In this case, I was informed that we wouldn’t know the final outcome of the vote for weeks. Of course, that didn’t stop HP from issuing a statement late Tuesday that its management believes it has won the battle (though reportedly by a margin of about one per cent). Compaq, meanwhile, held an ecstatic conference call to declare its shareholders had happily endorsed the deal with one of the largest margins in industry history, but that means nothing if HP’s shareholders aren’t on board. Mainstream media have since run with the story, adding further speculation where none is needed. The votes will be counted and the results reported — in due time. Although there will likely be challenges to the process (the most recent presidential election in the United States taught dissidents some valuable lessons in stalling for time) there is some hope that we will have the answer we are looking for soon — whether or not it is the answer that everyone likes.
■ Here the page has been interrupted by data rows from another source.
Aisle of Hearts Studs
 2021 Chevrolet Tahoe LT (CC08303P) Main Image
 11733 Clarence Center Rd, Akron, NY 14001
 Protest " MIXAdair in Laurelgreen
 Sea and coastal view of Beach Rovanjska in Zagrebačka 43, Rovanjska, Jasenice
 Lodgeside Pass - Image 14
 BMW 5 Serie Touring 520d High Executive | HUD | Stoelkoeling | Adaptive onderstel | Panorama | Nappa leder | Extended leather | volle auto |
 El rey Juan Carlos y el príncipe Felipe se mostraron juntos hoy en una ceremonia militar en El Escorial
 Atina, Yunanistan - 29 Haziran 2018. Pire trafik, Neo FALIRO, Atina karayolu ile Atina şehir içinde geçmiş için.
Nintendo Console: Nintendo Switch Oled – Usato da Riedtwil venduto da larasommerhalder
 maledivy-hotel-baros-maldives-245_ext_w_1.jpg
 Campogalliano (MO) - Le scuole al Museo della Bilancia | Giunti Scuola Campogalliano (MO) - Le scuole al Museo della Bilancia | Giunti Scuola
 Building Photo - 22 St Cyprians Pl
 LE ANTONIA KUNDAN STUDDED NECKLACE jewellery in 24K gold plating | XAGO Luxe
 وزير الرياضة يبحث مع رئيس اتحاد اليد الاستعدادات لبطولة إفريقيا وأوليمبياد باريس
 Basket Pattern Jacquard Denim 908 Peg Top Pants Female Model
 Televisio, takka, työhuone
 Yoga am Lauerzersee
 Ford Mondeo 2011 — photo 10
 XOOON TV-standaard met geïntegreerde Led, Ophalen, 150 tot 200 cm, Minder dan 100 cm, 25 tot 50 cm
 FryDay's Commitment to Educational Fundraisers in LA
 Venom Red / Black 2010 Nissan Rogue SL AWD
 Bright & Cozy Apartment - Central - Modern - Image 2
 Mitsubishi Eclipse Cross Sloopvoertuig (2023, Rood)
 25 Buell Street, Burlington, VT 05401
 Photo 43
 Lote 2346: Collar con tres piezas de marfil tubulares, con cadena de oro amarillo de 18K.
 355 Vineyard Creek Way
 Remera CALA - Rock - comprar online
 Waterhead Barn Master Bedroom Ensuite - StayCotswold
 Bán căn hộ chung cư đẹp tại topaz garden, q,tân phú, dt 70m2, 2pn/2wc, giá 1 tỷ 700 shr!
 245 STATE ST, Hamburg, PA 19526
Then, on Wednesday my immediate supervisor approached me to find out why we didn’t have the HP/Compaq story on the site. I explained that there was nothing to report yet, and that it would be irresponsible to do otherwise. He accepted that, but after our discussion, I realized that by doing what I believe is the right thing, we may appear to have missed the boat. That’s why I decided some explanation is in order. Because we haven’t missed the boat: the good ship HP-Compaq is still in drydock.
Stories like the HP/Compaq merger are the most difficult kind we cover at ITBusiness.ca. They are not, on the surface, Canadian stories. Though they have an impact on customers and channel partners here, the effects are indirect and can take a long time to materialize. Canadian content is our strength, and though we could easily fill up this Web site and our printed publications with U.S.-related stories, they would provide little value beyond what is already offered by U.S. news sources. On the other hand, there are some stories that take place outside our borders which offer some insights or possible lessons to the Canadian IT industry which are worth consideration. That’s why I created our daily editorial. I don’t always have the answers but I think I can raise the right questions, and hopefully put things in a helpful context. I have already written several editorials about this possible merger; I plan to write another when (and only when) HP and Compaq’s future is confirmed and (assuming the deal goes through) they publicly outline their product and services roadmap.
We will also round out our coverage with reaction from customers and industry analysts while providing a detailed chronology of how this story has unfolded. As self-righteous as it no doubt sounds, this seems the only appropriate way to handle such a slowly evolving story. Leave it to Carly Fiorina and others to count their chickens before they’re hatched. The truth is, we’re all still looking at the eggs.